How Apple Killed Cinema

I feel like it has gotten to the point where nearly everyone has at least one Apple product. Whether it is an iPhone, iPad, or iPod touch, most of the people I interact with in my day to day life use an iSomething. I cannot go an hour without seeing one at school, and that is just one isolated area. The point I’m getting at is that Apple products are everywhere.

They have even expanded beyond the real world; now, more often than not, the phone of choice in any film is the iPhone. Be it a short film made by a student, or a full Hollywood production, 9 times out of ten, the main character uses an iPhone or other Apple product to make a call or pull up information.


What happened to this?

The problem for me is that creativity has ceased. After all, why create fancy new technology and next generation props when the future is already here and the technology is readily available.

A few years back, spy films and other action-type films would have had extremely-inventive gadgets that made me yearn for the future and the day that I would be able to use holograms. Fast forward to today and the only thing you see in movies are iPads and iPhones.

Sure they have upgraded user interfaces that make them look fancy and often have attachments that can, for example, hack a vault code, but it is nothing exciting anymore. I watched the latest Mission Impossible last night and he even gets his mission assignments via iPhone.
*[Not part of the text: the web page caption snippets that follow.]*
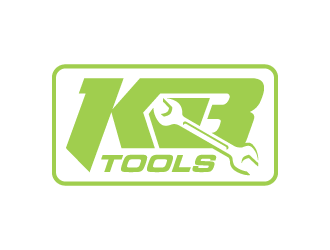 KB Tools logo design by denfransko
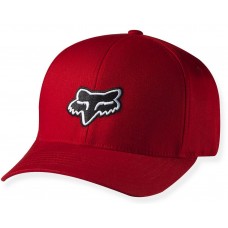 Кепка FOX Legacy Flexfit Hat [Red], L/XL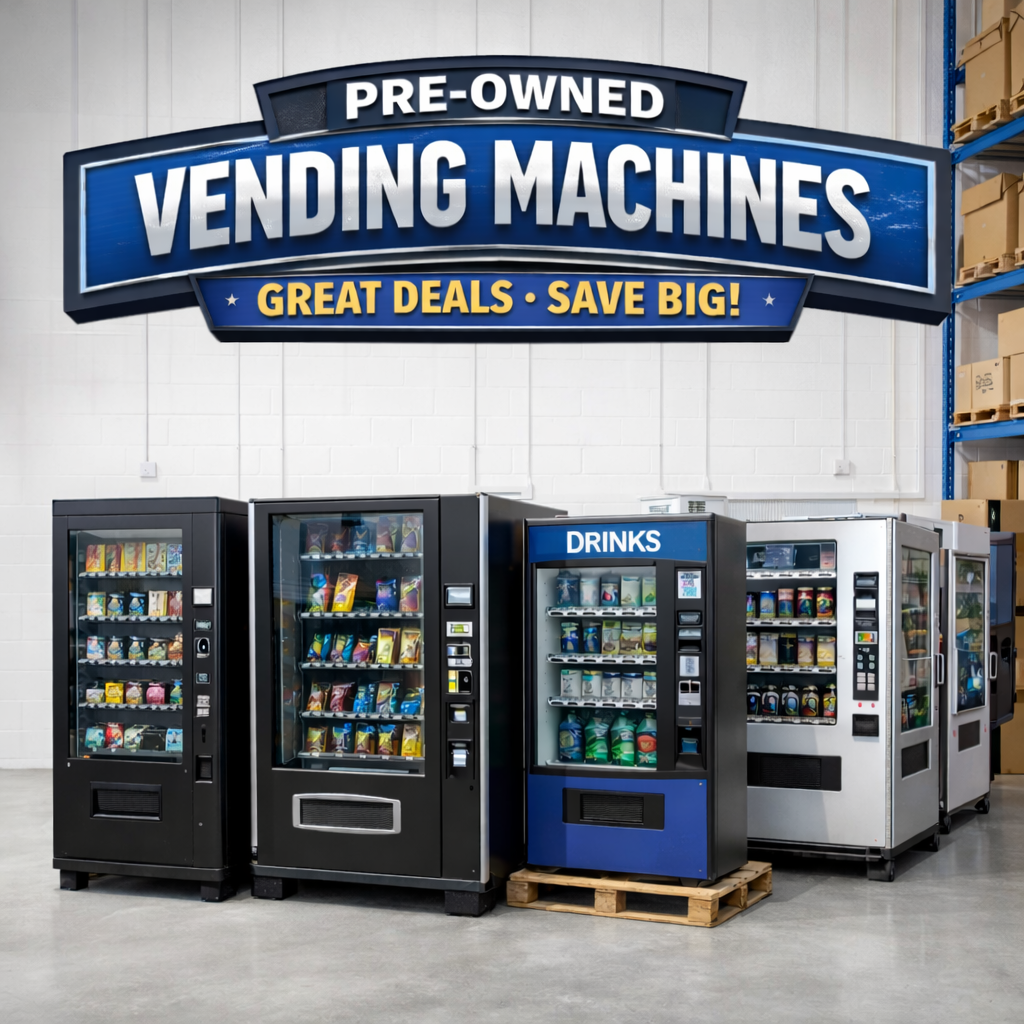 vending machine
Fortunately, the messaged did not self destruct.

In just the one film, all of these Apple products are used to:

  • Locks Open: Throughout the film Ethan Hunt and Benji Dunn used an iPhone 4 to violate the locks and open doors.
  • Hack from a MacBook Air: Not only is the thinnest and lightest laptop on the planet but also a powerful computer for hacking.
  • Scan Faces: The latest in spy technology are computerized contact lenses that relay the info to the iPhone for facial recognition in a crowd.
  • Work with other futuristic gadgets: in a scene from the film, the agent connects an iPad to a projector and a screen to create a distorted reality field. In other words, the iPad takes care of all the calculations while a camera tracks the movement of the eyes of a security guard. Thus, a realistic image is projected.

Scene from Mission Impossible Ghost Protocol

Movies have always been a way for viewers to escape. They can pretend that they are someone they are not; they can become engrossed in a fantastic story filled with things one could only dream of. But when I see an Apple product, I just think, “oh I have that, no big deal.”

I don’t know if it is a part of an effort to make the movie more relate-able, or they just think that the iPhone is the the most advanced devices available, but honestly I am getting tired of seeing the same thing over and over. It is not like there are not other devices available; it seems like the iPhone is the golden standard in cinema.